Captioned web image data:
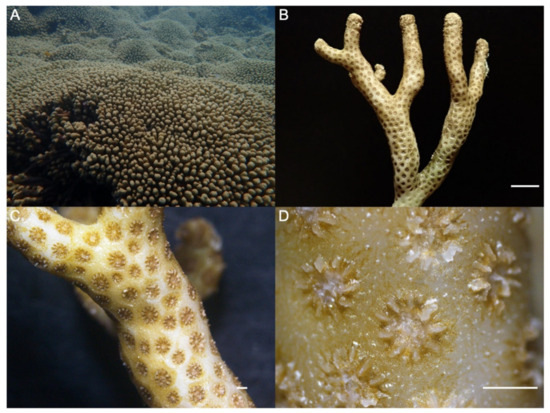 Will Probiotics Save Corals or Harm Them?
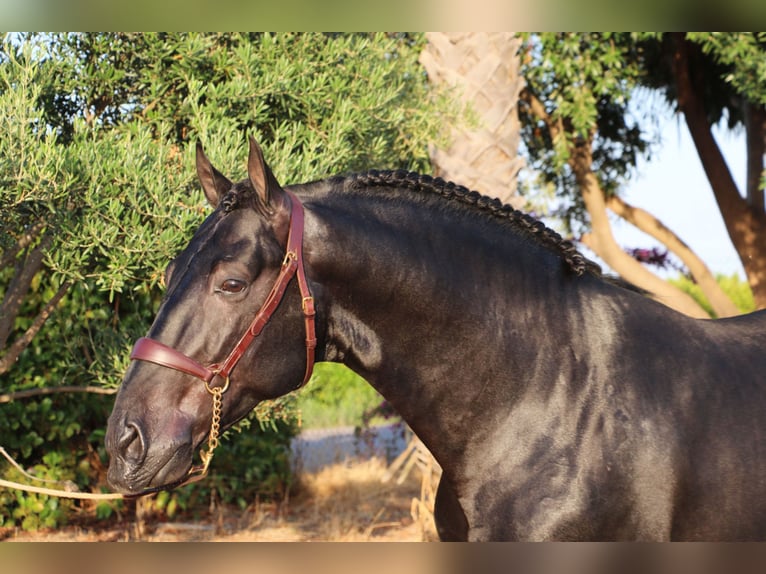 PRE Mix Stallion 6 years 15,2 hh Black in Madrid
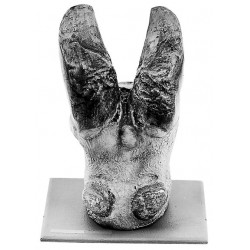 Koeien Hoef Model Met Ziekte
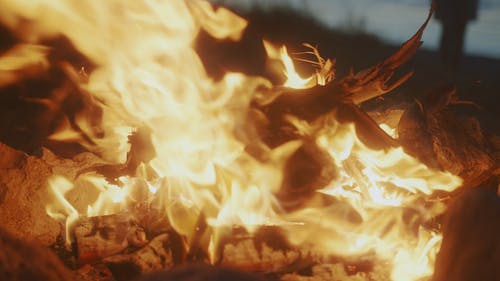 有关升火的木柴, 大火, 木柴的免费素材视频
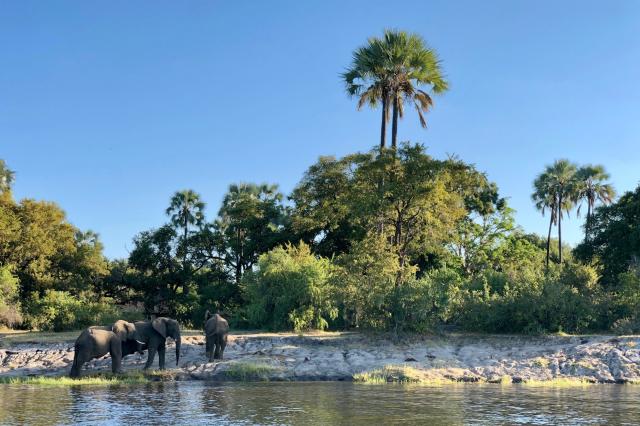 Národný park Zambezi leží na brehoch rovnomennej rieky. K vode 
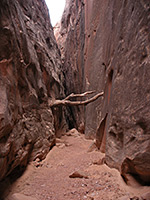 Log above the streambed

** What needs to be done **
The images are to be left out; every line above should be set down exactly.

** The completed task **
 Will Probiotics Save Corals or Harm Them?
 PRE Mix Stallion 6 years 15,2 hh Black in Madrid
 Koeien Hoef Model Met Ziekte
 有关升火的木柴, 大火, 木柴的免费素材视频
 Národný park Zambezi leží na brehoch rovnomennej rieky. K vode 
 Log above the streambed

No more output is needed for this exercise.